La figure fondatrice et fondamentale du paysage est le point d’ancrage existentiel de la poésie de Zanzotto. L’œuvre de Zanzotto s’inscrit tout entière dans ce qui constitue son univers à la fois réel et intérieur, naturel et mental : le paysage de Vénétie, avec ses paluds menacés de disparition, ses miroirs d’eau à la dérive, ses grands espaces médiévaux absorbés par l’asphyxie. Tout « l’arrière-pays » mental du poète — cette « écologie de l’esprit » qui le caractérise — prend racine dans cette « dévastation » que Zanzotto ne cesse de dénoncer de recueil en recueil. Cet « arrière-pays » d’horizons gangrenés vient se superposer aux collines aimées de Pieve di Soligo, dessinant un domino d’images bousculées par une syntaxe particulière qui fond dans une même cornue d’alchimiste toutes les formes du langage.
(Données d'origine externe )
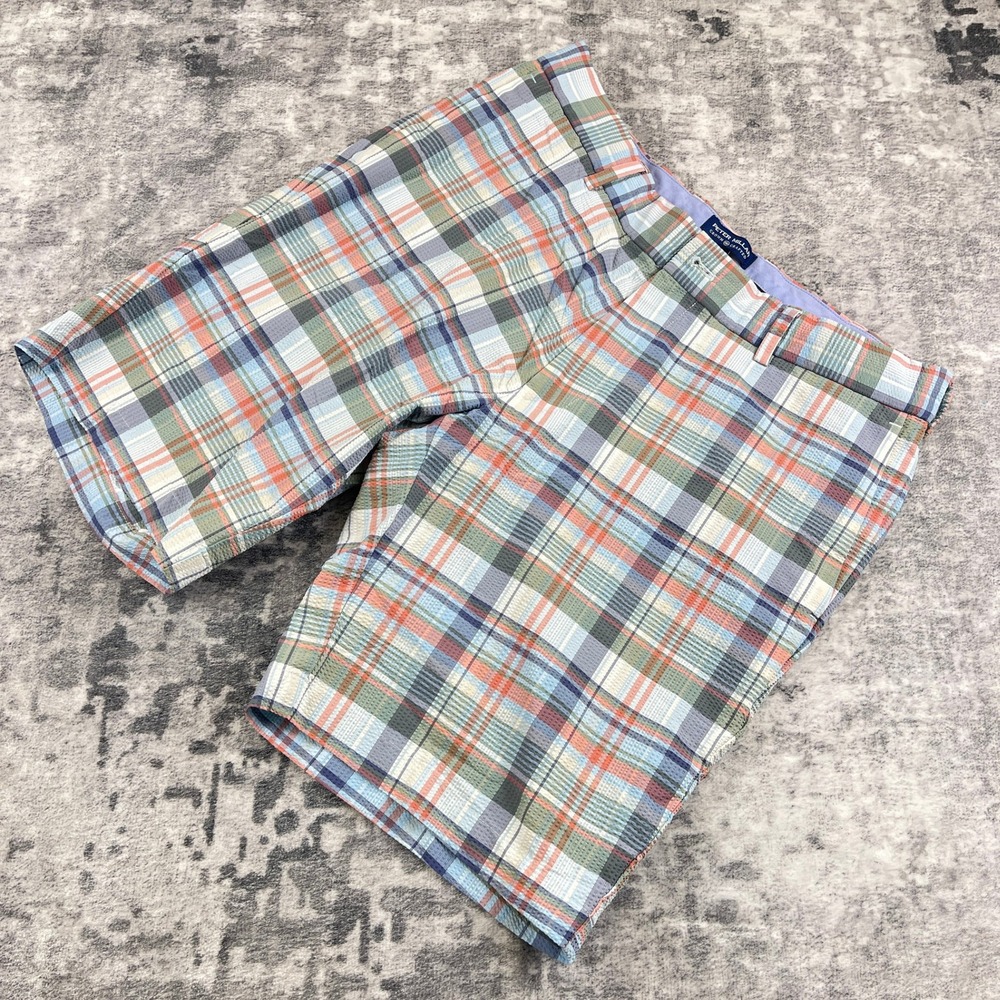Peter Millar Men 32 Multi Plaid Performance Golf Shorts Nylon Stretch Luxe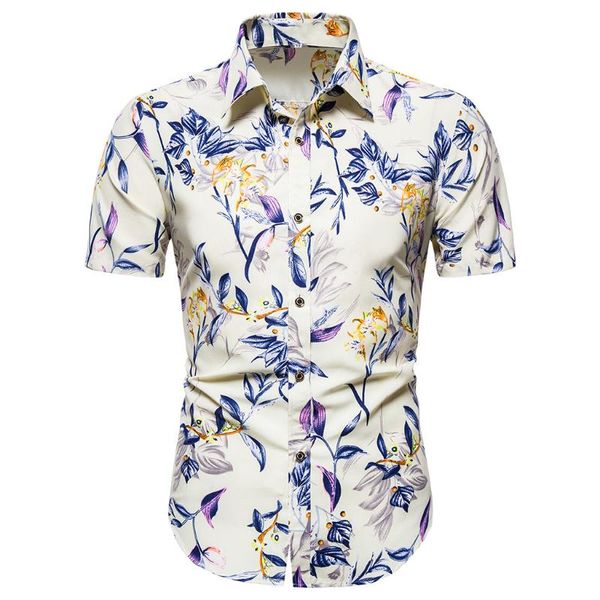 

shirt men's summer fashion floral printed short-sleeved vintage cotton button blouse mens shirts casual may29, White;black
Incluant dans un même recueil néologismes, termes enfantins et comptines, langages dialectaux (le « petèl ») et scientifiques, inventions et « forgeries » multiples qui privilégient les procédés par agglutination, affinités phoniques et onomatopées, Zanzotto, mêlant l’ancien et le nouveau, associe à la modernité (destructrice) les poètes inventeurs de la grande tradition italienne. De Virgile à Leopardi, en passant par Dante, Pétrarque et Foscolo. Et dans un autre espace littéraire, le maître : Hölderlin. Hölderlin que Zanzotto invoque ainsi dans ce vers de La Beauté :
« Hölderlin, aide-moi à écrire une ligne tremblante »
« La Beltà ». L’exigence de Beauté ne parviendra pas à sauver du naufrage un monde à la dérive. Reste la poésie soumise souvent à une ironie tragique, aiguisée par un regard autocritique douloureux mais sans concession.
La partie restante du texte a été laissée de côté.